People always ask me, "Why is Rangle doing this? Why wouldn't they just keep this program internal?" And the only thing I can say is the truth: from the top down, Rangle has always supported the idea that this is about the community at large. Bridge is something that helps so many more people by going beyond the walls of one organization, and the leadership at Rangle had the vision to be able to see and support that from day one.
Bridge Today and Beyond
From those initial conversations at Rangle’s Diversity Guild, it has really been a community-driven effort that has led to Bridge’s success.

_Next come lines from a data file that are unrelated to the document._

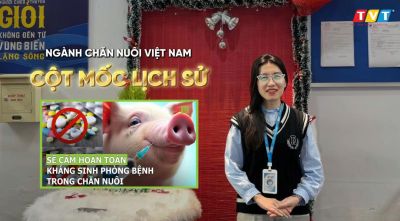 LUẬT CẤM KHÁNG SINH 2026 – NGÀNH CHĂN NUÔI ĐÃ SẴN SÀNG?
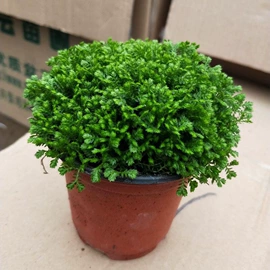 盆栽;灌木;乔木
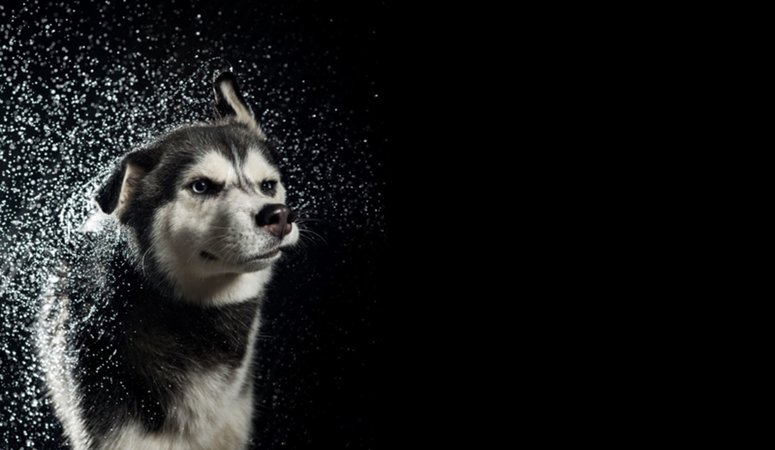 Dog Photography | Using Flash Duration to Freeze Motion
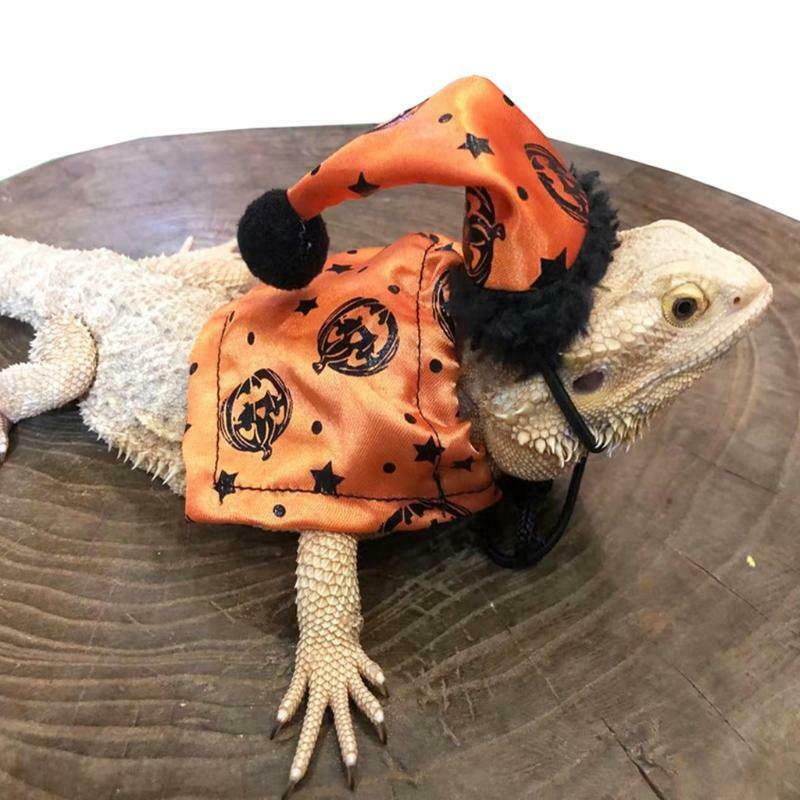 Halloween Hat and Cloak for Reptiles Photo Props Adjustable Lizard Costume Set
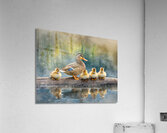 The Mallard Family Portrait Impression acrylique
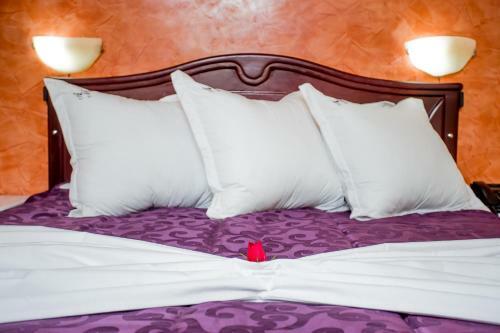 Hotel H�tel Les Ambassadeurs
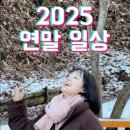 엠아이헤어 | 연말 일상 정리, 이제 보내줄게 나의 2025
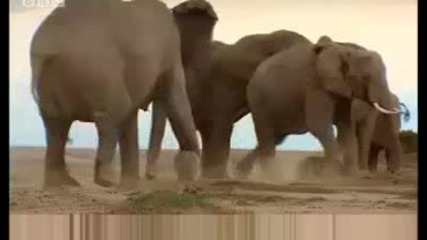 Baby elephant needs new family - Bbc wildlife
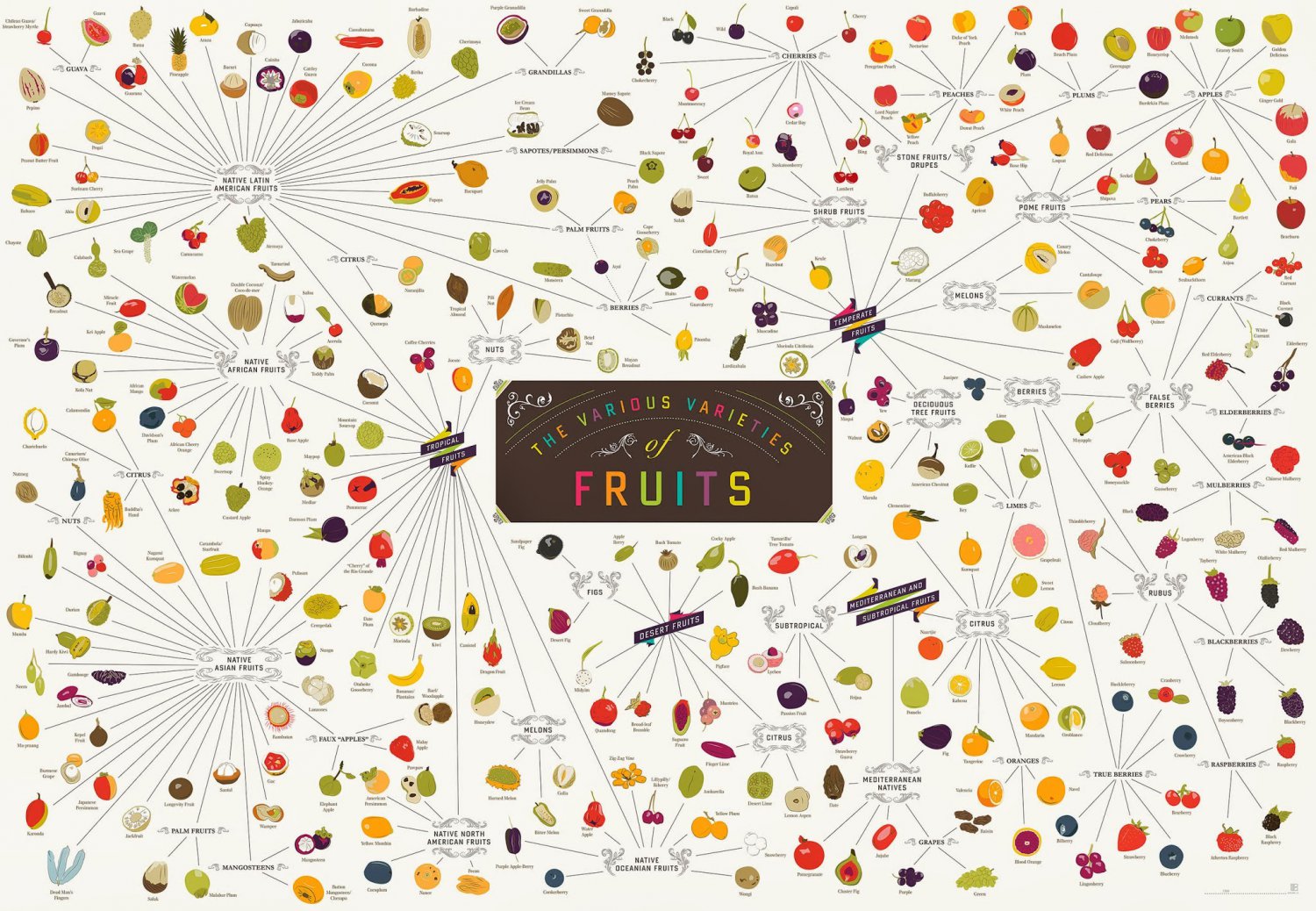 The Various Varieties of Fruits Chart  18"x28" (45cm/70cm) Canvas Print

At any given time, we have 30+ Ranglers in all kinds of volunteer roles. From mentors, organizational, administrative, designers -- you name it. It’s unlocked so many doors for our program. Rangle has incubated Bridge the way other companies incubate for-profit startups, and the employees have united around the initiative to give back in ways we couldn’t have dreamed.
Bridge is more than just a way to level up developers and designers to the intermediate level. It’s a way for them to show and to practice leadership and communication skills, to go on and mentor people like a senior or lead developer does. Bridge is an amazing morale booster and retention mechanism for existing developers and designers at the company already and Rangle employees understood this from the start.
It’s this kind of value that we’re working to show our new sponsors. If you’re a company who’s experiencing difficulty hiring diverse candidates, we don’t want you to just throw money at the problem. We want you to support an initiative that enables companies to then turn around and actually hire diverse candidates, because they have the skills those companies need. In turn, you’ll attract an even more diverse group of candidates, as potential employees see you are the type of company to truly commit to the hard work of doing better.
With continued proven success, Bridge is becoming more and more popular. In the past year, we've become an independent non-profit and we’ve had great initial success at getting other companies to partner with us to fulfil our mission.
We've already graduated over 90 students, and when we look a few years down the road, that becomes hundreds of people in the community that we've been able to help. So instead of going into more junior programs, we're actually planning to go into more advanced programs. No one is really in that space and so we’re planning to push that even further. We can also achieve another one of our goals: to run as many cohorts as we sustainably can in order to help as many people as possible.
In the next 5 years, we're going to see a very different tech scene in Toronto because of the hard work of Bridge’s staff and volunteers are putting in. A large majority of our students go on to find better jobs or level up to more responsibilities or bigger projects in their current jobs. They get better pay and have more opportunities, all of these are all things that will accelerate them into leadership positions. Our programs improve with each new one we run, and we have no intention of stopping the success we’ve seen so far.
In the long term I’m confident we’ll see Bridge graduates as CTOs and in other executive positions. Not only are we attracting people who like to program or design, we’re attracting people who are ready to be the leaders of tomorrow. We want to provide them with everything we possibly can to get them to that success point, every step of their path.